South Bass Island, or “Put-in-Bay” as the harbor, the township, and often the entire island is called, is known as the “Key West of the Midwest” by some, particularly boaters who enjoy partying in the aforementioned harbor and in the drinking establishments stretching along Delaware Avenue, just off the harbor.

But there is plenty more than partying opportunities to be enjoyed on South Bass Island.  Climb up the Perry Victory and International Peace Memorial and see an aerial view of the Lake Erie Islands or climb down to Perry’s Cave. Climb up the South Bass Island Lighthouse or climb down into the world’s largest geode, the Crystal Cave (and back up to enjoy a glass of local vintage in Heinemen’s Wine Garden).

Visit the Lake Erie Island Historical Museum or the Lake Erie Island Nature and Wildlife Center.  Explore the two cemeteries, visit the Put-in-Bay Winery on the Doller House Estate, view the Hotel Victory Ruins in the South Bass Island State Park.

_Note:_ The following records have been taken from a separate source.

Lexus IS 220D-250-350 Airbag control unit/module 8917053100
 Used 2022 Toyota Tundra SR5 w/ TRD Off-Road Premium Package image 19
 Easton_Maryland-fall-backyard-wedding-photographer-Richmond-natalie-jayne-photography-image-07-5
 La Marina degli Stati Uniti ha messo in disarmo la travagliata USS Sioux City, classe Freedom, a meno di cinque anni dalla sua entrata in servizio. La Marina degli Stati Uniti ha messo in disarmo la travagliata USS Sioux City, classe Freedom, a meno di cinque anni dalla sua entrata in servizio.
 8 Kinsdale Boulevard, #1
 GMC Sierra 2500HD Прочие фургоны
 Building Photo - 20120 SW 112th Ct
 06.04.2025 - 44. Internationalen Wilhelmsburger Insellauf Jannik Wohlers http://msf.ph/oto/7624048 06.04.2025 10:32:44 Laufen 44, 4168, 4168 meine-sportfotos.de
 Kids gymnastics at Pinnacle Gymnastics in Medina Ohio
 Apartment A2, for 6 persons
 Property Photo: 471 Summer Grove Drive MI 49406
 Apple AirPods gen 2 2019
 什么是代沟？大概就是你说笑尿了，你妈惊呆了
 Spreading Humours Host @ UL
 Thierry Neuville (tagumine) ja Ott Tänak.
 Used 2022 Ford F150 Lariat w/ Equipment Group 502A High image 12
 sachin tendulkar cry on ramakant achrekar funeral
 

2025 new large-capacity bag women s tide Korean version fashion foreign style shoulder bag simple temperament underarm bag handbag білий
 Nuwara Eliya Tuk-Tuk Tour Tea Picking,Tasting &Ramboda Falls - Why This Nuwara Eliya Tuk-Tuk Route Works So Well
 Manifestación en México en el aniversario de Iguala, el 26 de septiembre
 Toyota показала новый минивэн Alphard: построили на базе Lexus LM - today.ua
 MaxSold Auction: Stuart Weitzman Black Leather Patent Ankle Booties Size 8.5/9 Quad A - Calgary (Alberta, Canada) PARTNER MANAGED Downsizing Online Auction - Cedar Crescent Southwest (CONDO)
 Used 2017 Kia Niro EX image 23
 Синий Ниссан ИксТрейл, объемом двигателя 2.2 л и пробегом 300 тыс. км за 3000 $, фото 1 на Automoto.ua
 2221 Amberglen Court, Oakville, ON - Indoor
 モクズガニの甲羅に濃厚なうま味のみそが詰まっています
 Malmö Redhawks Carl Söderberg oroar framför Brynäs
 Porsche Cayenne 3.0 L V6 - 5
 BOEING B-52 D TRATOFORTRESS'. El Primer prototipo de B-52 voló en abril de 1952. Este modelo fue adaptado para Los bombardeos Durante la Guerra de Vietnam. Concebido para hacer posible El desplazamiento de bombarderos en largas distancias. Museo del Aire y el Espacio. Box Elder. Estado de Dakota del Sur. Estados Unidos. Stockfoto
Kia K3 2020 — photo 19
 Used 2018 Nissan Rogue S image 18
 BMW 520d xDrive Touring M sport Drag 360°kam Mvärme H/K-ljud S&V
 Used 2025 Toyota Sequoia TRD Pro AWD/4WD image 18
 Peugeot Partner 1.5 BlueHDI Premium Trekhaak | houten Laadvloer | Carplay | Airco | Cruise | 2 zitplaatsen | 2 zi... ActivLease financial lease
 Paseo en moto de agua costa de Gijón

Or catch the passenger ferry and head off to explore Gibraltar Island, home to the OSU Stone Lab, the Cooke Castle, and some glacial grooves, or ride the Sonny S to Middle Bass Island, site of the historic Lonz Winery.

Click here for more information about South Bass Island.

NOTE: Beginning in May, you can also get to both Kelleys Island and South Bass Island (Put-in-Bay) by passenger ferry from Port Clinton, Ohio or Sandusky, Ohio (where the Cedar Point Amusement Park is located) via Jet Express.

3. Pelee Island

Pelee Island is a Canadian (Ontario) island and my Great Lakes Basin “go-to” island, against which, I must confess, I measure all other islands. This year, the Owen Sound Transportation Company’s first ferry to Pelee will depart for its hour-and-a-half trip from Leamington, Ontario on Friday, April 1st. (The ferry makes the trip between Kingsville, Ontario and Pelee Island beginning in August and for the remainder of the season.) Trips to Pelee Island from Sandusky, Ohio begin in May.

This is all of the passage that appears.